What Chuck describes sounds a lot like what I do. My roofs are elevated off the top bars by bricks to keep air circulating underneath and to keep palmetto bugs from propagating between the roof and top bars because they will really foul your bars. They don't like all the air and light. My hives are really tightly constructed--no hiding places for beetles to go but down into the traps. I press propolis into any little places I think will give them shelter. I use a 3" hole saw now to cut the holes in the bottom board instead of a jigsaw. It's fast and accurate. If you cut a kerf in your starter bars, you can wax in a one inch strip of foundation along each bar; no need to use a full sheet per bar. If you can get some comb from another beekeeper, you can use this method to hold it to the bars. The bees will attach the comb themselves and chew away the cardboard.


----------



## yotebuster1200 (Jul 28, 2013)

Jon Wolff said:


> What Chuck describes sounds a lot like what I do. My roofs are elevated off the top bars by bricks to keep air circulating underneath and to keep palmetto bugs from propagating between the roof and top bars because they will really foul your bars.
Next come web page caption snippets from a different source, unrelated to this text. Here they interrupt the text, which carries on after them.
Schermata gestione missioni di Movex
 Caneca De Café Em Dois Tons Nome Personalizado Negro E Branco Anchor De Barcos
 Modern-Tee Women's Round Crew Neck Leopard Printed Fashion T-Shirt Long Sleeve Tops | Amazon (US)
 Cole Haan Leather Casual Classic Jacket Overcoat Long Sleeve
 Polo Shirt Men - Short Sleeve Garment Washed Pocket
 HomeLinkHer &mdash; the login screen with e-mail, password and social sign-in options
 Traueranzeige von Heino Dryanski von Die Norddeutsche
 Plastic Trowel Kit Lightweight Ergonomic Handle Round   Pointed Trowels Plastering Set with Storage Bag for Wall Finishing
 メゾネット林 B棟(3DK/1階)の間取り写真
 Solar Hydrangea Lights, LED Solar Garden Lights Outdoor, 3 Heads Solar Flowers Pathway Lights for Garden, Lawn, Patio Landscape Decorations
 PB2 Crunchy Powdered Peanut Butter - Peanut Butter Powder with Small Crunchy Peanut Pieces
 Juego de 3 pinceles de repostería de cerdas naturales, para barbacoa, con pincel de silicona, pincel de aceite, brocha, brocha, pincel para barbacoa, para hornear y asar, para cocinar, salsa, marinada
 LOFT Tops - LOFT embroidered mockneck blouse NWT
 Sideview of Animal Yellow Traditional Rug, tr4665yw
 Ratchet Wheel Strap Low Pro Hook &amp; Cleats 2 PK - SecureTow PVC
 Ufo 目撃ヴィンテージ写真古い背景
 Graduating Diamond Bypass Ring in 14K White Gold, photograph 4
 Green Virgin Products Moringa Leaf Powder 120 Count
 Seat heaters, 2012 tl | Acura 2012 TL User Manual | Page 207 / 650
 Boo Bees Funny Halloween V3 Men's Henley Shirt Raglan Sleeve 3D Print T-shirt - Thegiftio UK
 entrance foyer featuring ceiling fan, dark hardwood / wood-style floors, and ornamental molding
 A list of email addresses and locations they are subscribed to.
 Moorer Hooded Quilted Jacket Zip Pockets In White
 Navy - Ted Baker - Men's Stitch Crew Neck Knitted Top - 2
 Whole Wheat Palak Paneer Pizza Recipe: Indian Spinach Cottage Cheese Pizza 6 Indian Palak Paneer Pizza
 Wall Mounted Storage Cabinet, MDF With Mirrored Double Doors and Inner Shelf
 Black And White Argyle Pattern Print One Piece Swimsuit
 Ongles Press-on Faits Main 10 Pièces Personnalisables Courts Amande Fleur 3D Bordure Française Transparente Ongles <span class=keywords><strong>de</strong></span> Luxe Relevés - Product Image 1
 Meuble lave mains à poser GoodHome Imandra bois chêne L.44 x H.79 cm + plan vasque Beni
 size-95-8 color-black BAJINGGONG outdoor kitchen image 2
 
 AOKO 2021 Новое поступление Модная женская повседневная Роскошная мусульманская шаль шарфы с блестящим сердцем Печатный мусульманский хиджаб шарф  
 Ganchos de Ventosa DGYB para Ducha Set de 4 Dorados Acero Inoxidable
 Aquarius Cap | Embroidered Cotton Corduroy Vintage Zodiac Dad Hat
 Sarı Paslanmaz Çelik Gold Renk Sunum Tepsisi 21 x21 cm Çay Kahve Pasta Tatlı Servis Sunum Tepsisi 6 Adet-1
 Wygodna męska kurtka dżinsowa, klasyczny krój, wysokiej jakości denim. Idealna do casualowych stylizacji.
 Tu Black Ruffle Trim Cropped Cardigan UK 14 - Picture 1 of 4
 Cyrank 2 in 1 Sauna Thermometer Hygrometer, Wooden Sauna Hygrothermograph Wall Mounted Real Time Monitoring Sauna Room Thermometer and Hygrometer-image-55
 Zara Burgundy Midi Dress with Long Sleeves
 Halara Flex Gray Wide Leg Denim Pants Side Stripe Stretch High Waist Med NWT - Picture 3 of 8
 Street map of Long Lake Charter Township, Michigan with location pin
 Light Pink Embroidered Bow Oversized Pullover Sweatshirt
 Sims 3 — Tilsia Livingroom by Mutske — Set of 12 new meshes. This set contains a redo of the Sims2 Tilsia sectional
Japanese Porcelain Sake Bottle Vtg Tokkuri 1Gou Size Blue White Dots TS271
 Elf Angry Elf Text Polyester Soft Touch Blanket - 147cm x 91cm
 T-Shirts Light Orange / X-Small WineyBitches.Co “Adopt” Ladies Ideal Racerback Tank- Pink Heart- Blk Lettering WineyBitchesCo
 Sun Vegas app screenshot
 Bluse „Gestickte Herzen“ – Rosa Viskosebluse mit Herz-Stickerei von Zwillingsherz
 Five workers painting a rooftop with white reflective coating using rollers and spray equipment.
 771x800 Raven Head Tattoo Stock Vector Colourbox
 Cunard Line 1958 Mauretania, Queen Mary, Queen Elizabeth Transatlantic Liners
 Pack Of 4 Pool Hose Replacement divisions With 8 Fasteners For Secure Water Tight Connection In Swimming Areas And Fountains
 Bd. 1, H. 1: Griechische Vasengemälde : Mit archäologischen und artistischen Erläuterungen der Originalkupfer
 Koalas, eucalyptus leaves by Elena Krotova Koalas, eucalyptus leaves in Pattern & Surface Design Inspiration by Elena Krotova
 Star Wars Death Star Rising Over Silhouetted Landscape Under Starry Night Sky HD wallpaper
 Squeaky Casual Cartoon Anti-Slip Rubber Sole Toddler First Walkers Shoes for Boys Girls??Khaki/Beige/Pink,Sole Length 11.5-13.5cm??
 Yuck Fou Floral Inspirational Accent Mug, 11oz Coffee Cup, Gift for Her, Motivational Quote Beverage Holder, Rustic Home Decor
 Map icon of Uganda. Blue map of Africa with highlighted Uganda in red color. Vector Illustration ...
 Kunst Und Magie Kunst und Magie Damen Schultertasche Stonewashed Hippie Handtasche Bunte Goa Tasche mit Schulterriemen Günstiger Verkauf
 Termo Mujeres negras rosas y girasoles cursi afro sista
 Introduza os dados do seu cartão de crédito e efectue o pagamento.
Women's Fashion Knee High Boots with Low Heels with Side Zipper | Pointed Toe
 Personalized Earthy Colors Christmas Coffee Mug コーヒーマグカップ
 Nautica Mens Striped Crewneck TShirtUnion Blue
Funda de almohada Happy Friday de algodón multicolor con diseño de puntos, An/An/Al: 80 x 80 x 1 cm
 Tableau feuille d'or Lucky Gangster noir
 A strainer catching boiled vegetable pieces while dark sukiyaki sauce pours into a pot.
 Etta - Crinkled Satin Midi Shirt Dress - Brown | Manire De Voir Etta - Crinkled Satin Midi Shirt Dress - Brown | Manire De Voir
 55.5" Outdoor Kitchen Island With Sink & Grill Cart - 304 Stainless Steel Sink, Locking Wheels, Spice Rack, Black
They don't like all the air and light. My hives are really tightly constructed--no hiding places for beetles to go but down into the traps. I press propolis into any little places I think will give them shelter. I use a 3" hole saw now to cut the holes in the bottom board instead of a jigsaw. It's fast and accurate. If you cut a kerf in your starter bars, you can wax in a one inch strip of foundation along each bar; no need to use a full sheet per bar. If you can get some comb from another beekeeper, you can use this method to hold it to the bars. The bees will attach the comb themselves and chew away the cardboard.
> View attachment 22794


Clever trick with the cardboard


----------



## will52100 (Jun 8, 2015)

Great info, thanks. Love the idea of the cardboard.


----------



## Jon Wolff (Apr 28, 2013)

Thanks. It holds the comb better than other methods I've tried, and I don't have to worry about it later. The cardboard will squish down with only small gaps when the top bars are in place. I always have cardboard strips ready at hand so if I need to, I can quickly staple one around a comb. Once the bees have attached the comb, I can pop off the cardboard, if the bees haven't chewed it free already.


----------